Supplied material START

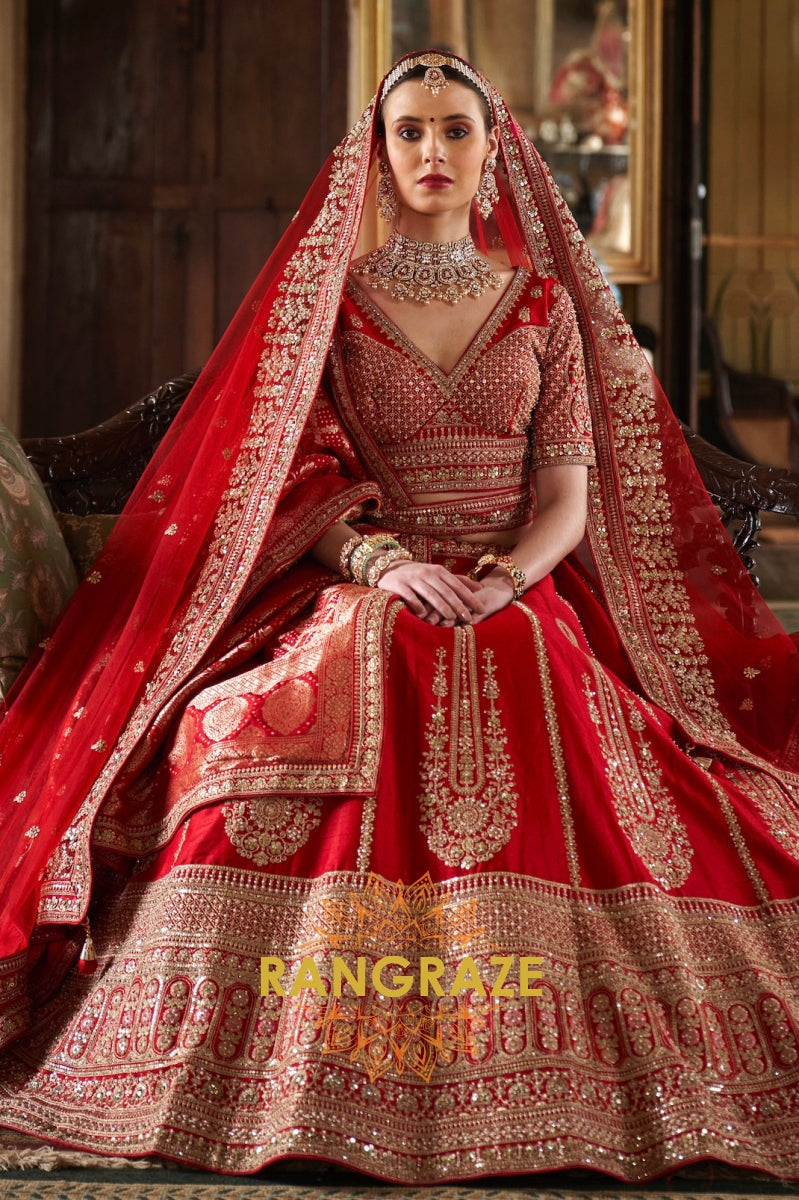 Crimson Red Double-Dupatta Bridal Silk Lehenga – An Heirloom of Royal Craft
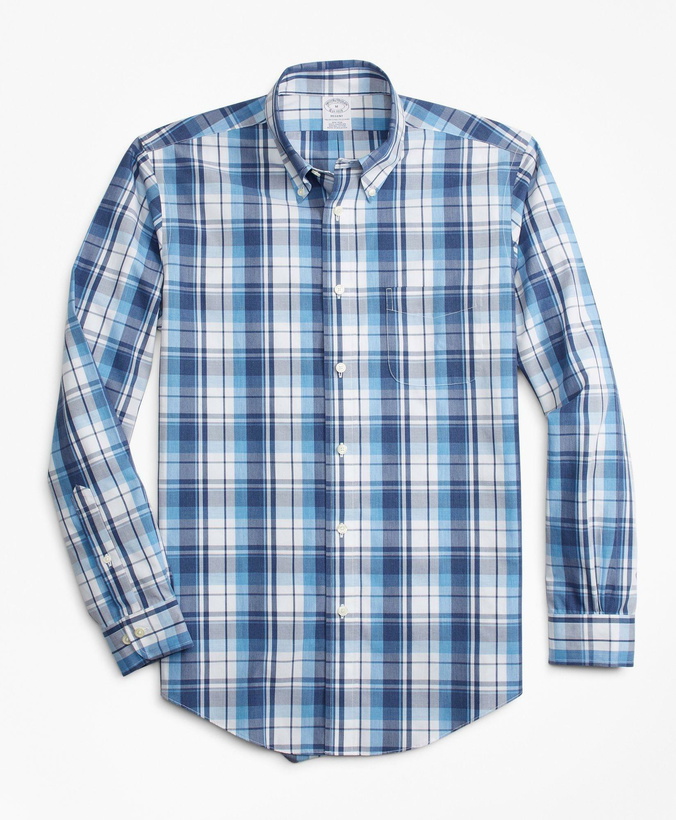 Photo: Brooks Brothers Men's Regent Regular-Fit Sport Shirt, Non-Iron Plaid | Blue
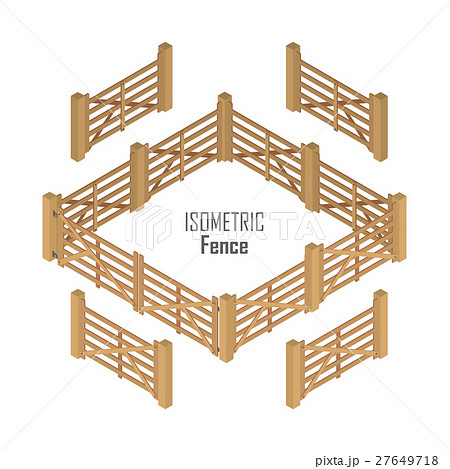 Wooden Fence Vector In Isometric Projection 27649718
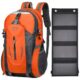 Sac à dos orange 40L avec panneau solaire pliable 20W pour randonnée et camping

Supplied material END

= What the task requires =
What you return should be the whole listing, word for word, without its pictures.

= Answer section =
 Crimson Red Double-Dupatta Bridal Silk Lehenga – An Heirloom of Royal Craft
 Photo: Brooks Brothers Men's Regent Regular-Fit Sport Shirt, Non-Iron Plaid | Blue
 Wooden Fence Vector In Isometric Projection 27649718
 Sac à dos orange 40L avec panneau solaire pliable 20W pour randonnée et camping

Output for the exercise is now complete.